9. Een aanvraag, bedoeld in het zevende lid, die wordt ontvangen na 1 juli 2015, wordt afgewezen.
10. Het bevoegd gezag ontvangt de beschikking uiterlijk binnen vier maanden na ontvangst van de aanvraag.
11. Indien de toename samenvalt met de eerste schooldag van het schooljaar 2014–2015 en de aanvraag geheel of gedeeltelijk wordt toegekend, ontvangt het bevoegd gezag bijzondere bekostiging met ingang van 1 augustus 2014. Indien de toename op een later tijdstip plaatsvindt en de aanvraag geheel of gedeeltelijk wordt toegekend, ontvangt het bevoegd gezag bijzondere bekostiging met ingang van de eerste dag van de maand volgend op de datum, waarop de toename heeft plaatsgevonden.
12. De bekostiging bedoeld in het zevende lid bedraagt per extra ingeschreven asielzoekerskind € 782. Dit bedrag wordt gedeeld door 12 en vermenigvuldigd met het aantal resterende maanden van het schooljaar waarvoor de bekostiging is toegekend.
1. Het bevoegd gezag van een school voor (voortgezet) speciaal onderwijs aan zeer moeilijk opvoedbare kinderen met een vestiging die fungeert als gesloten justitiële inrichting waarbinnen het onderwijs georganiseerd moet worden, dan wel is verbonden aan een instelling voor gesloten jeugdzorg, ontvangt bijzondere bekostiging voor personeel.
2. De bijzondere bekostiging, bedoeld in het eerste lid, bedraagt per vestiging € 31.536,26 en € 473,54 per leerling van de vestiging. Het aantal leerlingen van de vestiging is gelijk aan de door de Minister van Veiligheid en Justitie toegekende capaciteit als het een justitiële jeugdinrichting betreft, en is de door de Minister van Volksgezondheid, Welzijn en Sport toegekende capaciteit als het een instelling voor gesloten jeugdzorg betreft.

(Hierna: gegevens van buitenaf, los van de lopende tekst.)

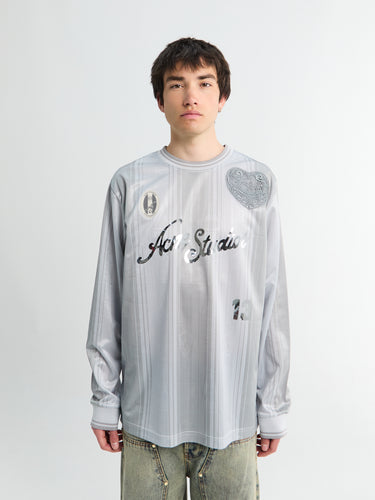 Acne Studios - Logo Sports Jersey in Grey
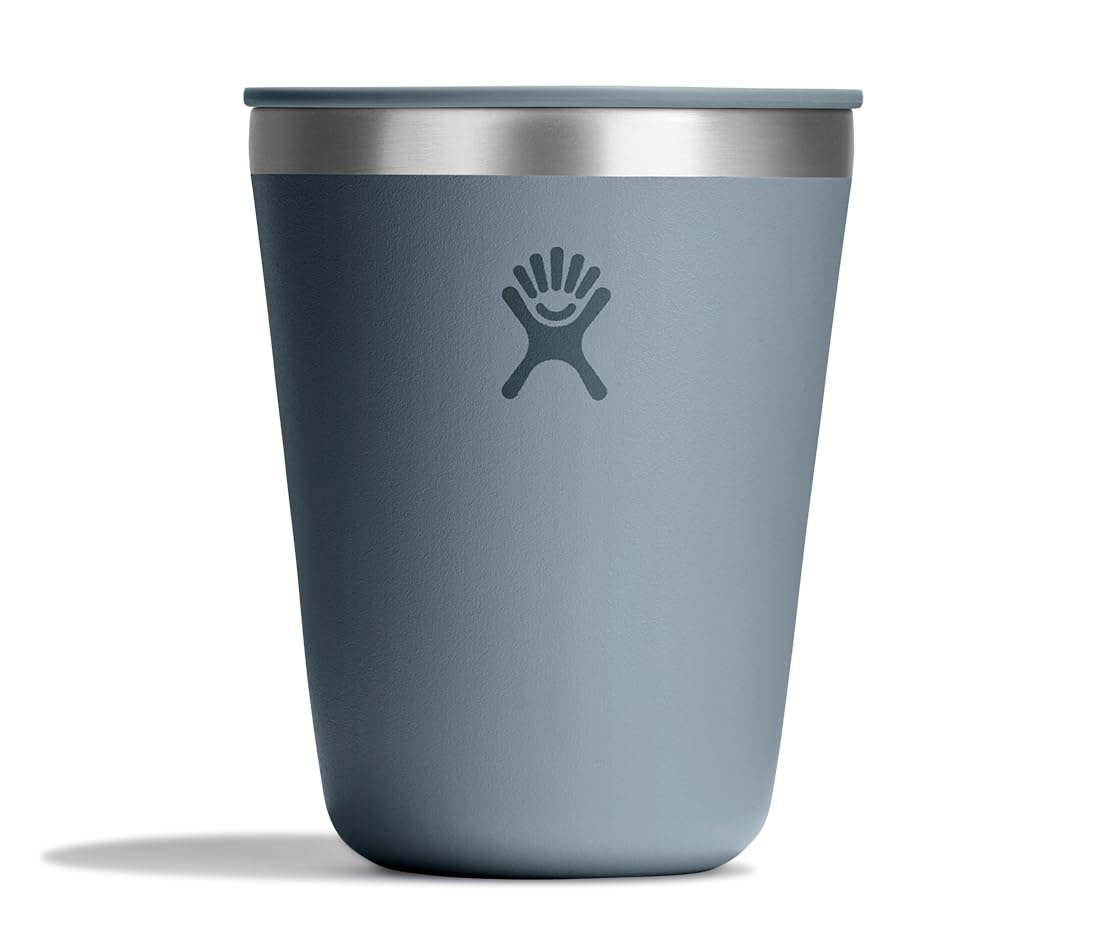 Hydro Flask 12 Oz Outdoor Coffee Tumbler – Stainless Steel Insulated Travel Cup – Camping Cup With Measurements Shale Gray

3. Het bevoegd gezag, bedoeld in het eerste lid, ontvangt bijzondere bekostiging voor personeel en aanvullende bekostiging voor materiële instandhouding, indien er op de eerste van de maand door de Minister van Veiligheid en Justitie, indien het een justitiële jeugdinrichting betreft, en door de Minister van Volksgezondheid, Welzijn en Sport, indien het een instelling voor gesloten jeugdzorg betreft, meer capaciteit, uitgedrukt in leerlingen, aan de vestiging is toegekend dan het aantal leerlingen van de vestiging op grond waarvan de personele bekostiging voor het schooljaar is bepaald. Onder personele bekostiging, bedoeld in de eerste volzin, wordt mede verstaan, de aanvullende bekostiging op grond van artikel 37 van het Besluit bekostiging WEC, en, indien dit artikel reeds eerder is toegepast, de bijzondere bekostiging op grond van dit artikel.
4. De bijzondere bekostiging respectievelijk aanvullende bekostiging, bedoeld in het derde lid, bedraagt het verschil tussen de capaciteit, uitgedrukt in leerlingen, en het aantal leerlingen waarvoor personele bekostiging is toegekend, vermenigvuldigd met € 13.055,25 voor personeel en € 1.356,88 voor materiële instandhouding, gedeeld door twaalf en vermenigvuldigd met het aantal resterende maanden van het schooljaar waarvoor de bekostiging is toegekend.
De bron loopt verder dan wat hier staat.